── TASK DATA ──

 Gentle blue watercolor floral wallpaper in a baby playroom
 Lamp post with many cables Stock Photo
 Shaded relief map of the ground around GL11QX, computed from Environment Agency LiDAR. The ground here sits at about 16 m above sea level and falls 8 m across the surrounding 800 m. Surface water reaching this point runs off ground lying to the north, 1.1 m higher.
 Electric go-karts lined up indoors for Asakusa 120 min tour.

───
── TASK DATA ──

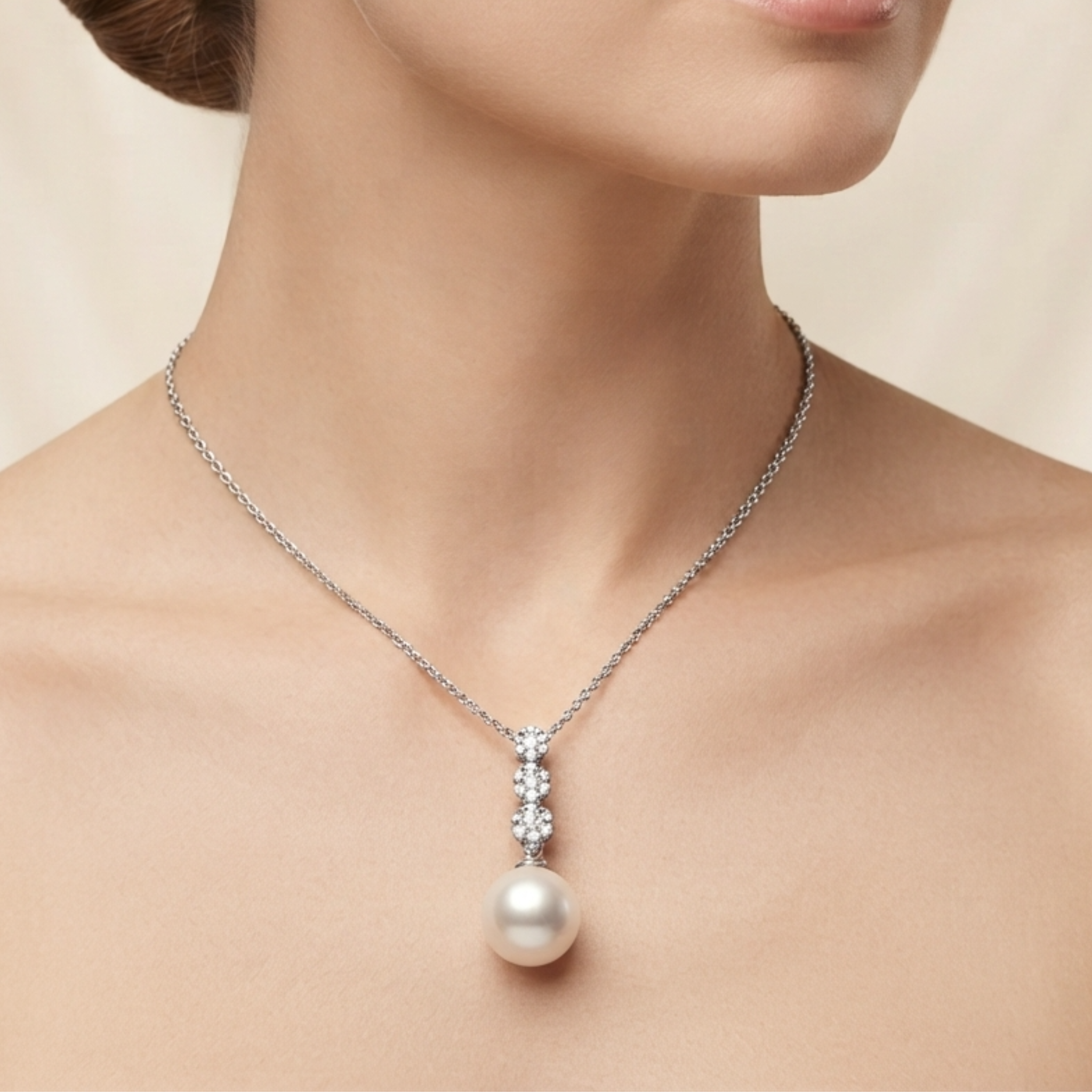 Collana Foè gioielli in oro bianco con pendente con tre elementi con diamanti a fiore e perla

───

== EXERCISE ==
The entries above hold a line with "Gentle blue watercolor" and a later line with "Lamp post with many cables Stock Photo". Write out exactly those lines and all lines between, nothing more.

== ANSWER AREA ==
 Gentle blue watercolor floral wallpaper in a baby playroom
 Lamp post with many cables Stock Photo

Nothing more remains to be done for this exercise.